I called 911 this evening. It wasn’t the first or the most terrifying time I’ve had to dial those digits, but it was part of an event that we’re still puzzling over in my home.
It started like this. The landscapers who were digging up our front yard to fix the warped and cracked drip system rang the bell. “Sabes la mujer aqui? No entendemos lo que quiere.”
An elderly lady was standing there, squinting against the harsh 105F light, swaying just slightly.
“Can I help you?” My husband asked, with concern.

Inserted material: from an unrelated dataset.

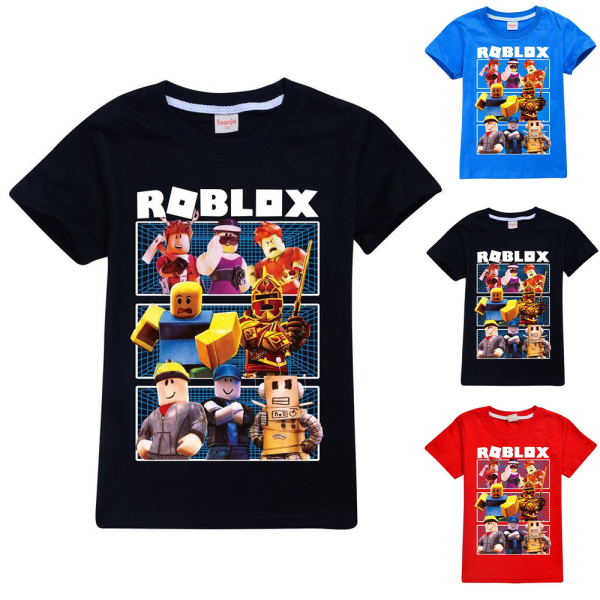 Roblox T-shirt med tryck för barn, pojkar och flickor, kortärmad tröja, sommartoppar, casual Black 9-10 Years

The lady gestured vaguely. “Yes, I’m from the corner house. It’s terribly hot, terribly hot there. I need to call the rescue squad so they can come pick me up.”
Amado ushered her in and called me over. The lady stumbled at the doorstep, and I gave her my arm to hoist her up; with my help she shuffled slowly to an armchair and sat down.
The landscapers were watching curiously as we shut the door. I need to get her water, I thought furiously. Maybe she’s having heatstroke. Should I call 911?
I told her, “My name’s Jennifer. I’m going to get you some water. Would you like some water?”
“Yes!” she said with a small fading smile, sinking her head back onto the chair. “I’m just so HOT. It’s so HOT in there. The AC has been off for days, you know. Days. It’s simply unbearable. We just can’t take it anymore. I need to call the rescue squad, you know. Can you help me call the rescue squad? They shouldn’t be allowed to leave it like that. We’re suffering in there.”
She didn’t tell me her name, but I wanted to make sure she was OK first. I’d ask again later, I thought.
I got her a tall glass of water with ice and dragged the piano bench over as a makeshift table for her to rest the cup. She set it down without taking a sip.
“Drink some water,” I urged, nervously, “Your body will need it to rehydrate.” I pulled up a dining chair to sit near her. It was like a surreal coffee date with a friend.
“Just so HOT,” she repeated, waving her hand in front of her face. She was wearing a thing that I assumed would be called a “housecoat” in another time; it was a heavy, long brocaded kind of robe. She had orthopedic soft shoes on her feet and compression socks on her thick ankles.
She finally sipped at the water, but set it back down instantly.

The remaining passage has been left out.